Given a choice, I can tell you which group I’d rather belong to! The reality is, we all belong to both. At the moment, the people who have the luxury of doing the giving are telling off the unfortunate ones who need support for feeling humiliated by it. We’ve created a system where most of those who work in mental health would be intensely humiliated to ever need support from the services they work in. Most doctors would be horrified to be detained and hospitalised for mental illness. Our staff talk about reducing stigma and not being too proud to ask for help, but it’s a brave few who walk that talk.
We currently have a strange situation in mental health where those with a passion for the topic train and work within the field, meaning they cannot befriend those most in need of friends. The services get frustrated that the rest of our culture who have other passions and trained for different fields, don’t turn up to our activity centres and befriend those most in need. We’ve accidentally removed from our social networks most of the people with the heart to be great friends to those most profoundly affected by mental illness. The message to people with severe mental illness is; our research tells us that friends, family, and feeling like you are useful and your life is meaningful are critical to managing your condition. But you can’t get any of that from us.
One of the organisations I tried to volunteer with had policy written to prevent any kind of personal attachment between client and staff. We were only to fulfil the role given to us, which was to help around the house. We were forbidden from chatting with the client any more than necessary. Sitting down with a cup of tea was specifically mentioned as inappropriate. Accepting anything from the client, even a thank you card was not permitted. We were to ignore the client completely if we encountered them in any other setting. And a supervisor would be closely monitoring the cases, if it was suspected that a client was becoming attached to a volunteer, we would immediately be assigned to a different client. My blood ran cold. The thinking was that these rules would prevent abuse and dependence. I don’t know if they do that. I do know that they take away something vital, that they allow us to meet the expressed need – to wash dishes or tidy a garden, while ignoring all the deeper needs for contact, humour, affection, and care. I know that children who have every physical need met while being starved emotionally do not thrive. I don’t believe the situation is any different for those of us with mental illness, disabilities, or our elderly.

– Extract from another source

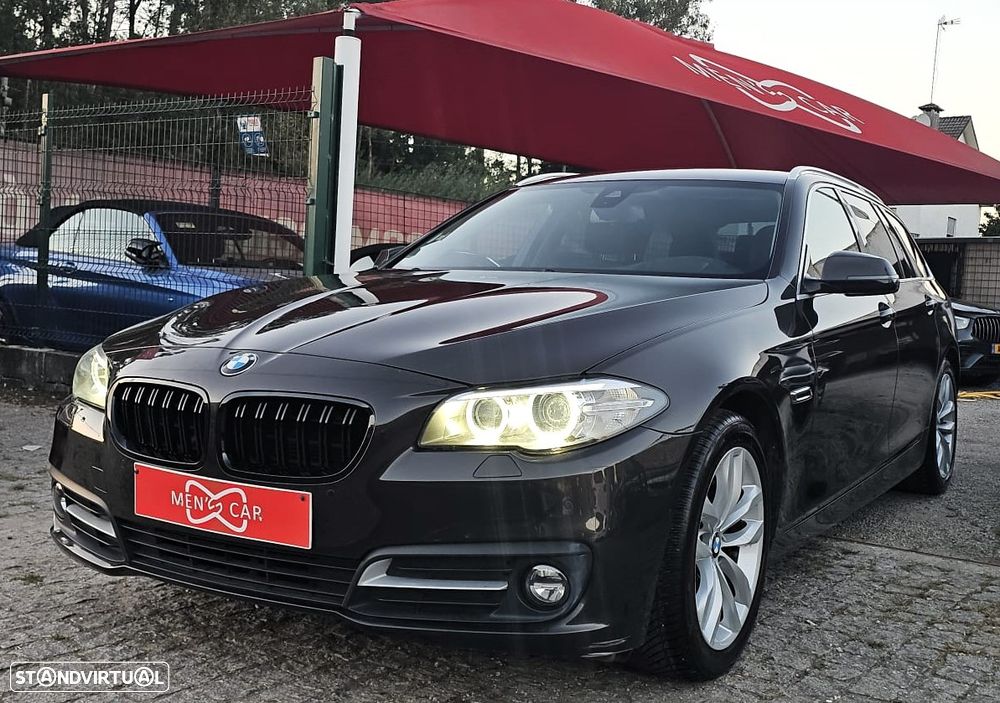 BMW 520 d Aut. Sport Line - 4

I think we need to rework our ideas about these kind of boundaries. One of the developments in mental health that excites me is the introduction of the peer work role. Whilst most organisations are currently in the process of narrowing the definition of this role, it has at least started with notions of equality and shared humanity. We can move services towards practices that are more human, towards nurturing relationships that have more scope for mutuality, towards meeting real needs instead of fulfilling job requirements. Towards modelling the inclusiveness and equality we wish to create in society instead of lecturing from the sidelines. Kindness, compassion, respect, and warmth are not optional extras when working in these fields. They ARE the job.